JUST before the new tax reform law kicked off last Thursday, January 1, it has been met with stiff resistance from different quarters, with many calling for its suspension.
Chief Executive Officer (CEO), Centre for the Promotion of Private Enterprise (CPPE), Dr Muda Yusuf, said this public resistance is not merely a communication failure but rooted more in lived experience. For many Nigerians, he said, past reforms have translated into higher living costs and declining welfare, with little evidence that sacrifices result in improved public services.
Speaking through a statement, he noted that a weak social contract continues to undermine confidence that additional tax revenues will be transparently and efficiently deployed. With businesses and households still recovering from recent macroeconomic shocks, he said, tolerance for new compliance demands is understandably low.
On paper, he said, the reforms have a sound and progressive framework, aimed at strengthening revenue mobilisation, improving equity, simplifying the tax system and aligning fiscal policy with economic diversification and growth objectives.
However, he added, “History offers a sobering lesson: good policy design does not guarantee good outcomes. The ultimate success or failure of Nigeria’s tax reform will depend far less on its legislative provisions and far more on how it is implemented. Without careful sequencing, political sensitivity and economic realism, even well-intentioned reforms can trigger resistance, disrupt livelihoods and further erode public trust.”
Pointing out that the economy is still absorbing the aftershocks of elevated inflation, weakened purchasing power and the adjustment costs of fuel subsidy removal and FX reforms, he said most households and businesses are experiencing reform fatigue.
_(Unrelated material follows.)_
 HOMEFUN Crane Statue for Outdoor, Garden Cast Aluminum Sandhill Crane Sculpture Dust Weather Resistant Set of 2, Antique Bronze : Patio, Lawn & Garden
Compounding this, he said, is the approach of a politically sensitive pre-election period.
Warning against forced compliance, he said a rigid, enforcement-heavy approach risks undermining reform credibility before its benefits have time to materialise.
He added that despite ongoing stiff resistance, the reforms have some benefits, including the fact that low-income earners are exempted from personal income tax, while VAT relief on basic goods and essential services—including education, healthcare, agriculture and cultural activities—provides social protection.
“On the growth side, targeted incentives for priority and job-creating sectors strengthen alignment between tax policy and Nigeria’s diversification agenda. The rationalisation of multiple taxes, repeal of obsolete laws and improved coherence of the tax system also respond to long-standing private-sector demands and could enhance predictability and investor confidence if properly implemented,” he said.
Stressing the need to restructure the informal sector, as over 90 per cent of jobs are in the informal economy, according to the last Nigeria Labour Force Survey by the National Bureau of Statistics (NBS), he said most informal operators lack structured record-keeping systems and have limited understanding of tax concepts.
These businesses, he said, are largely cash-based, operate on thin margins, lack the literacy and digital capacity required for compliance, as well as the capacity to digest the technical and somewhat complex issues around taxation.
“Yet the new tax framework introduces mandatory filing requirements, defined record-keeping standards, penalties for non-compliance and presumptive taxation where records are inadequate. Without careful sequencing, these provisions risk criminalising informality rather than encouraging gradual and voluntary formalisation,” he decried.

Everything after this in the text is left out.